A great example of a gender-split trigger is the response to the sex scene. Pretty much across the board, women saw my character’s orgasm as a vulnerable moment for me to perform. And yes, it was. But it was interesting how Mark’s vulnerability in enacting sexual impotence did not strike these women nearly as viscerally. The men who gave us feedback about this moment were, unsurprisingly, completely sympathetic to Mark’s character. They saw my orgasm as not only vulnerable for “Megan” the character and me the actor, but also as heightening the vulnerability of both “Mark” and Mark.
We wanted to engage people—literally change their body temperature.
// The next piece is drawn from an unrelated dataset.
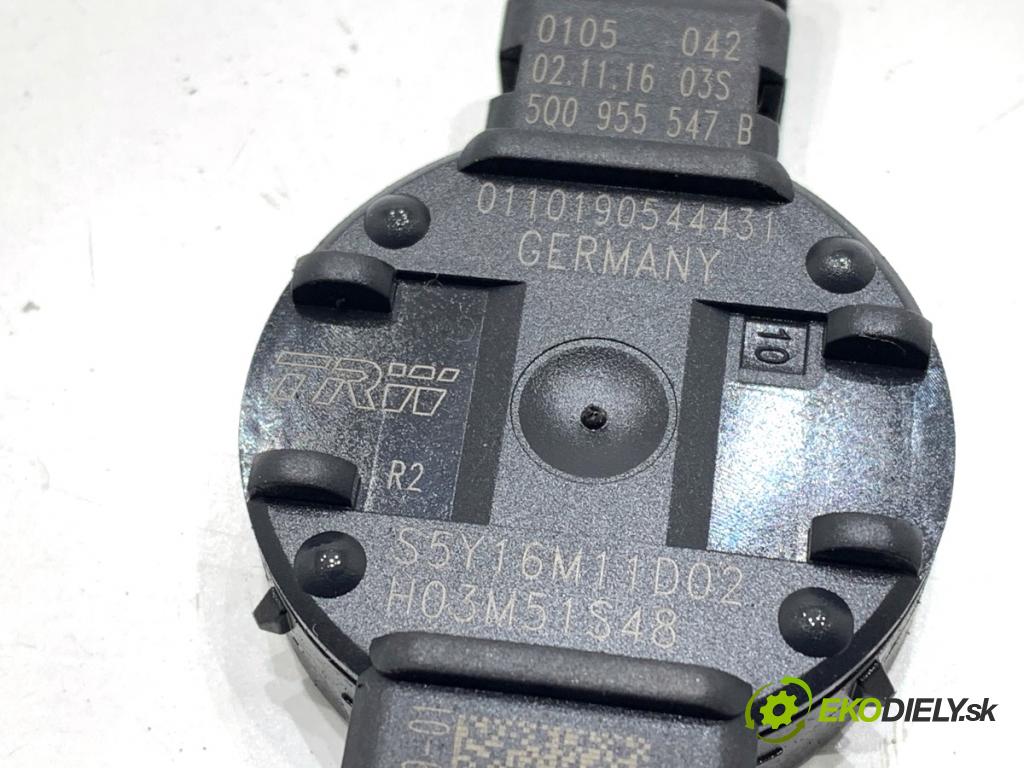 VW GOLF VII liftback 2016 92 kW 1.4 TSI 1395 snímač deště 5Q0955547B (Snímač deště)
And we’ve done that. We throw a mess of questions, problems, and feelings onto the stage and leave them unresolved. We graphically depict certain uncomfortable things people don’t often see onstage, though they occur in life all the time. Our audiences have a voyeuristic experience witnessing real personal and physical risk. We want them to leave the theatre asking: Why was I uncomfortable witnessing something so intimate? Why is it okay to watch that kind of thing on YouTube but not live onstage? How do I handle that intimacy in my own life?
JACKSON: We’d expected Now for Now would trigger people. It was disturbing, I’ll admit, how some people who knew us personally—and who we felt should know better—seemed to really want it to be that I’d coerced Megan into doing things she didn’t want to do. It revealed just how strong a trigger the older man/younger woman dichotomy is for people. One of my female friends didn’t even recognize that the sex scene was about male sexual impotence! That’s how overwhelming the age difference was for her. That’s really powerful.
As hard as that kind of response was to take, it really helped push us to get even clearer about why we were doing the show and how to sharpen our intent. We knew that changing the sex scene would not be right. It was clearly very affecting—so many people could identify with it. And of course our age difference is what it is. So we made revisions to the text, allowing our characters to recognize certain things related to the triggering issues. We similarly tweaked the choreography to shift certain emphases.
We want the audience to experience these uncomfortable triggers, and then, ideally, to question them. Is what they’re witnessing really only what they initially assume it is? Are their own relationships as cut-and-dried as they might want what they’re seeing onstage to be?
America’s puritanical roots have only continued to grow in a really trigger-happy, judgmental direction. Facebook alone has accommodated an explosion of this in our culture. We can be so cruel to each other! Our mission with Now for Now has been to put physical, verbal, and digital expression in argument onstage to create a performance that encourages more compassion in life for the messy relationships we all find ourselves in from time to time. Life is too short to squander on shame, fear, and judgment.